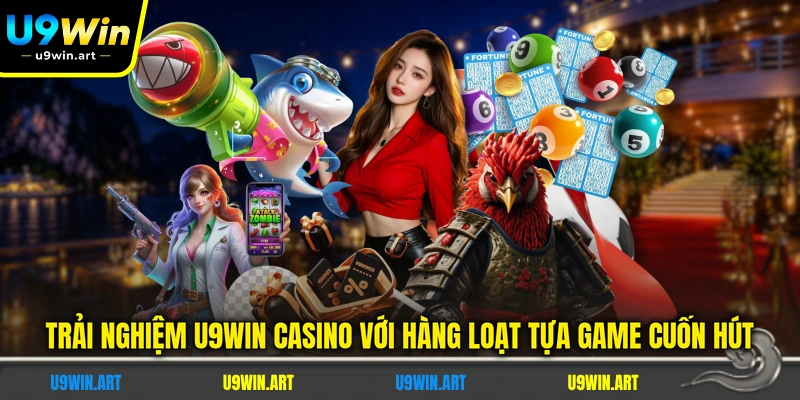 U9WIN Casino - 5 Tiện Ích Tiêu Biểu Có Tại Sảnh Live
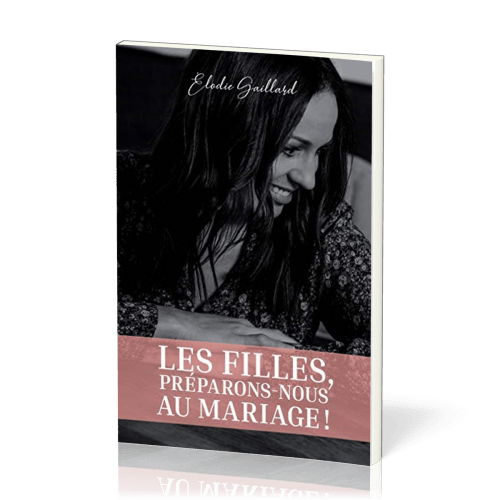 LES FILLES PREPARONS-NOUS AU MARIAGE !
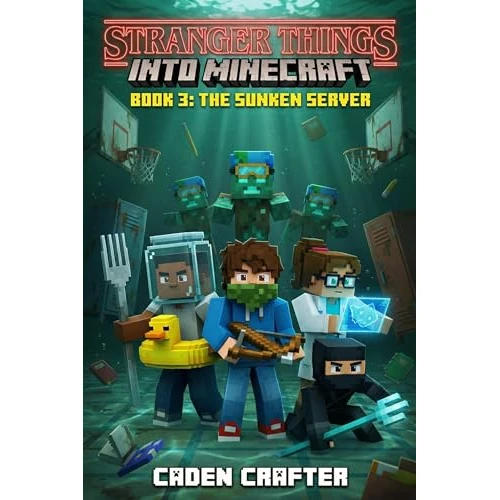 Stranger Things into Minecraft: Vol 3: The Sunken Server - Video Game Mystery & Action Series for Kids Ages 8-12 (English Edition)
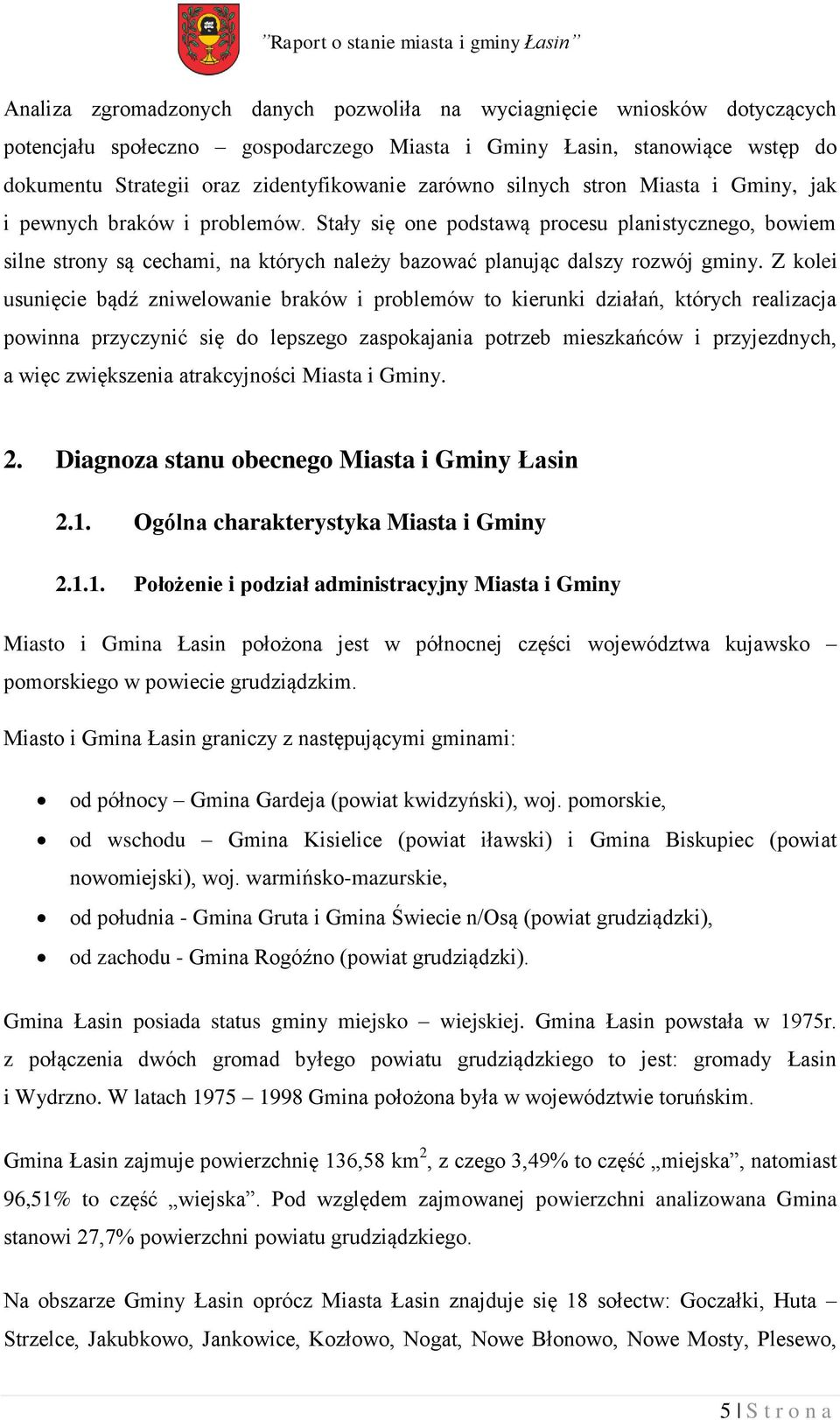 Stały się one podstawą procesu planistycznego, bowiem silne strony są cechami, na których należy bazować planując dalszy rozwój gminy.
______________________________
▶ [What you have to do]
Omit pictures; set down the rest of the material word for word.

▶ [Exercise solution]
 U9WIN Casino - 5 Tiện Ích Tiêu Biểu Có Tại Sảnh Live
 LES FILLES PREPARONS-NOUS AU MARIAGE !
 Stranger Things into Minecraft: Vol 3: The Sunken Server - Video Game Mystery & Action Series for Kids Ages 8-12 (English Edition)
 Stały się one podstawą procesu planistycznego, bowiem silne strony są cechami, na których należy bazować planując dalszy rozwój gminy.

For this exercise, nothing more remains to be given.